## Instructions for the task
From the records, pick out and copy each line containing "Bike".

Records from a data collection
┌────────

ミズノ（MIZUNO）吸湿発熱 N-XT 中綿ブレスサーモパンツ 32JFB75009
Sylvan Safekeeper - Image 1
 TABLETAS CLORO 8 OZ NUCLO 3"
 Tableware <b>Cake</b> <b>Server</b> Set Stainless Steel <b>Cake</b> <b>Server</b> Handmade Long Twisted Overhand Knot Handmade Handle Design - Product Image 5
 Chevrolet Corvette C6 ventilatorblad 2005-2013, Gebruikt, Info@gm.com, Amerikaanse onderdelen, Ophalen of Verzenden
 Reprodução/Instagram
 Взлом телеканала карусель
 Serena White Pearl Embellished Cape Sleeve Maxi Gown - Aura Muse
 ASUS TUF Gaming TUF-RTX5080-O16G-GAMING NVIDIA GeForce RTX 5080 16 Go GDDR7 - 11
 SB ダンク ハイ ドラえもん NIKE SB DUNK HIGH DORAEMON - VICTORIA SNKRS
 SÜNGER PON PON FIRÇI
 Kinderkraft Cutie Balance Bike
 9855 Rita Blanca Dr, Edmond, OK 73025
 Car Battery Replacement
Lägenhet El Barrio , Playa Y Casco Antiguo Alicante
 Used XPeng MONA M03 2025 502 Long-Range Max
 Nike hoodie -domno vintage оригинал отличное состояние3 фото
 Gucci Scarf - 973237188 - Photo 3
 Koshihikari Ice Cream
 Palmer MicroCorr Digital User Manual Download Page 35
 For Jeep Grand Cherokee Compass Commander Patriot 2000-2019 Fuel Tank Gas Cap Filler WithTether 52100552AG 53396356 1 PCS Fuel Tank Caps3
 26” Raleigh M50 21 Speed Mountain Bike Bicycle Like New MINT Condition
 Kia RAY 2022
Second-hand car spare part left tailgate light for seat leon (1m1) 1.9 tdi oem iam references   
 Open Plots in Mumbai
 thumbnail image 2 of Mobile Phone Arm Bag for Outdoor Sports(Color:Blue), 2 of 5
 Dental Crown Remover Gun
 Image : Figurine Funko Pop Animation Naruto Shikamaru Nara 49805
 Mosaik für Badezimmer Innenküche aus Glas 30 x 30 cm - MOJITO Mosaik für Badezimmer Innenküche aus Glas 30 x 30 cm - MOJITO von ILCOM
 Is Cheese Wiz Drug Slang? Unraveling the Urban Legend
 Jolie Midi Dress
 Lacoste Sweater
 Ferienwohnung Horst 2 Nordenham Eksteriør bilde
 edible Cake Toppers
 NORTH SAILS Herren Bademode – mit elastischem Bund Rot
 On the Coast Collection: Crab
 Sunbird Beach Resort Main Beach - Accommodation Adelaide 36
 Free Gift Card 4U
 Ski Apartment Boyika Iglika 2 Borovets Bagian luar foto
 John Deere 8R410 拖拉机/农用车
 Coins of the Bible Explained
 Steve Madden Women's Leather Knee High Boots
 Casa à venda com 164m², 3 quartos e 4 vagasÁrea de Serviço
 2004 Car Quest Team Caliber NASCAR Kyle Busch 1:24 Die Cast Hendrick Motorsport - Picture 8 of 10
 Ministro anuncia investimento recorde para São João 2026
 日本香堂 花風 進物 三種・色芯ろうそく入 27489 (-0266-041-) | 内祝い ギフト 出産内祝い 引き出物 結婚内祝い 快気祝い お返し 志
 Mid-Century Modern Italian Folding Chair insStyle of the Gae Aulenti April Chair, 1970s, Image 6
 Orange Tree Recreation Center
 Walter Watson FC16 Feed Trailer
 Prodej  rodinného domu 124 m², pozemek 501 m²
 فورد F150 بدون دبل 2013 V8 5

└────────

## Answer to the problem
 Kinderkraft Cutie Balance Bike
 26” Raleigh M50 21 Speed Mountain Bike Bicycle Like New MINT Condition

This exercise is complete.